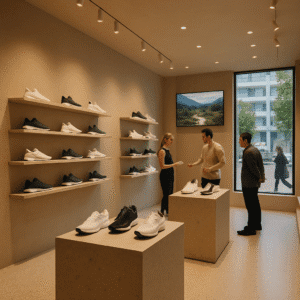$ONON Investment Thesis: Running Towards a Premium Growth Trajectory in Athletic Footwear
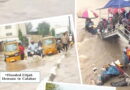 Man buried in mud, baby swept away, 10 perish as pains ‘rain’ in Calabar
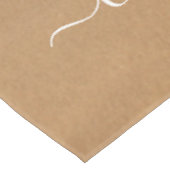 カスタム写真と文字 – おユニーク客様自身のデザイン- テーブルクロス (アングル)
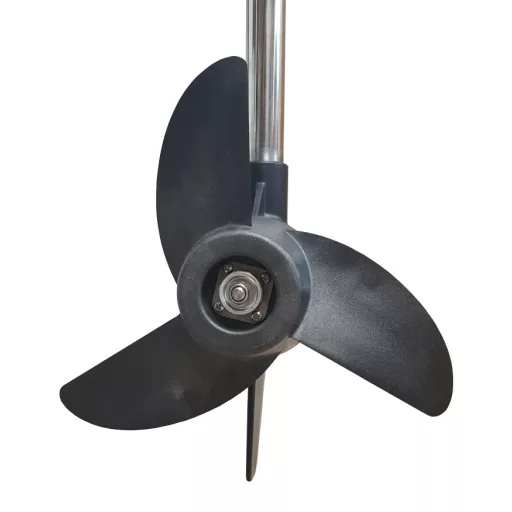 Haswing Propeller Protruar 5.0 / 3.0 12 Volt / Ventura F in T 5.0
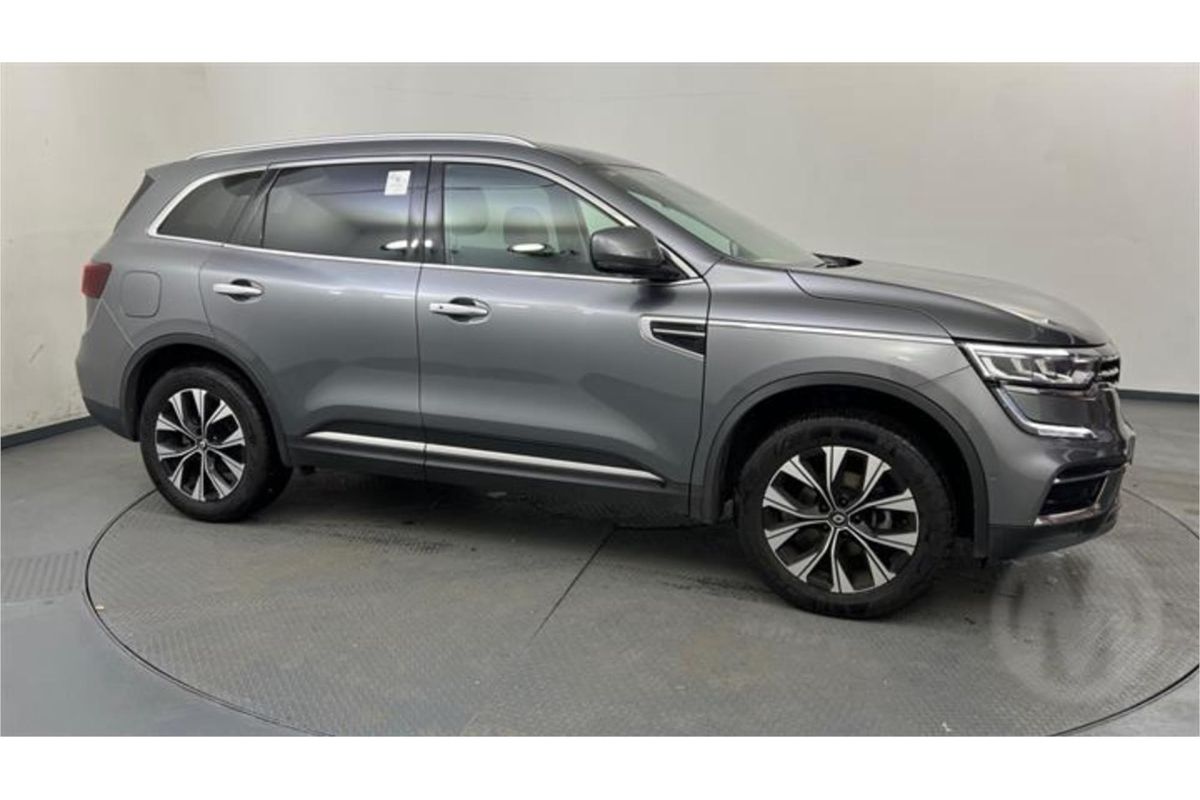 2023 Renault Koleos Life HZG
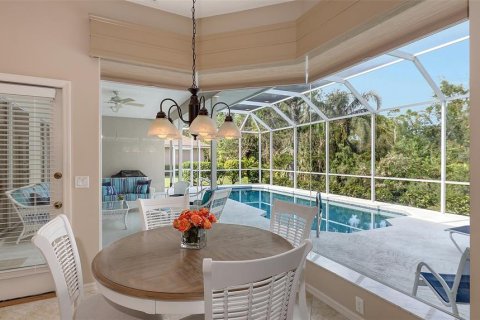 Villa ou maison à vendre à Venice, Floride: 3 chambres, 233.93 m2 № 1556797 - photo 13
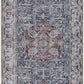 Amelie 31844 Machine Woven Synthetic Blend Indoor Area Rug by Surya Rugs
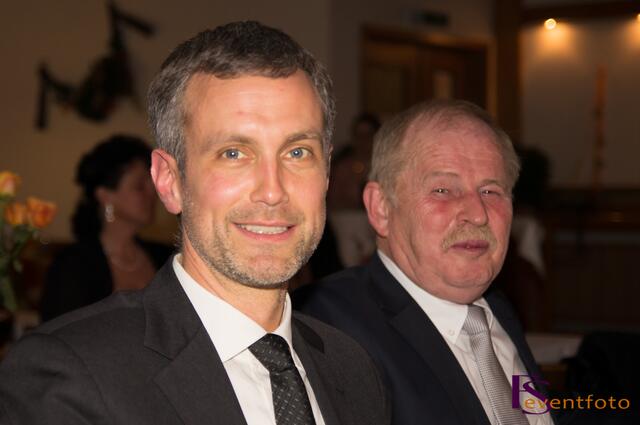 ORCC Schwarz/Weiß-Ball 2014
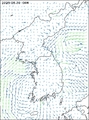 風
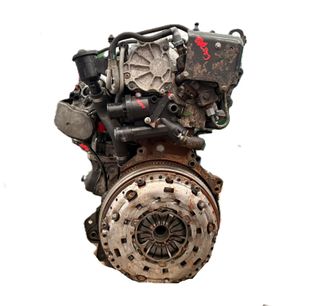 Motor Land Rover Freelander 2,2 TD4 224DT LR006630 6G9Q-6007-SA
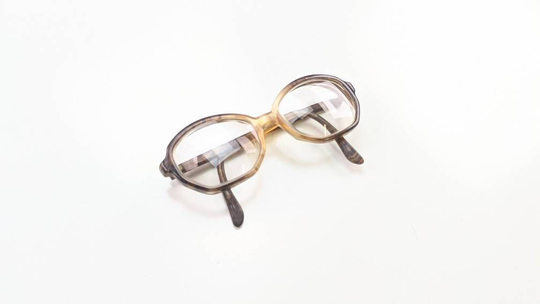Safilo Electra 2 Eyeglasses Vintage 60S Made in Italy Free Shipping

> **Goal of the exercise**:
For this task, give again exactly the lines from the line with "Villa ou maison" through the end of the entries, including both ends, and omit the pictures.

> **Task solution**:
 Villa ou maison à vendre à Venice, Floride: 3 chambres, 233.93 m2 № 1556797 - photo 13
 Amelie 31844 Machine Woven Synthetic Blend Indoor Area Rug by Surya Rugs
 ORCC Schwarz/Weiß-Ball 2014
 風
 Motor Land Rover Freelander 2,2 TD4 224DT LR006630 6G9Q-6007-SA
Safilo Electra 2 Eyeglasses Vintage 60S Made in Italy Free Shipping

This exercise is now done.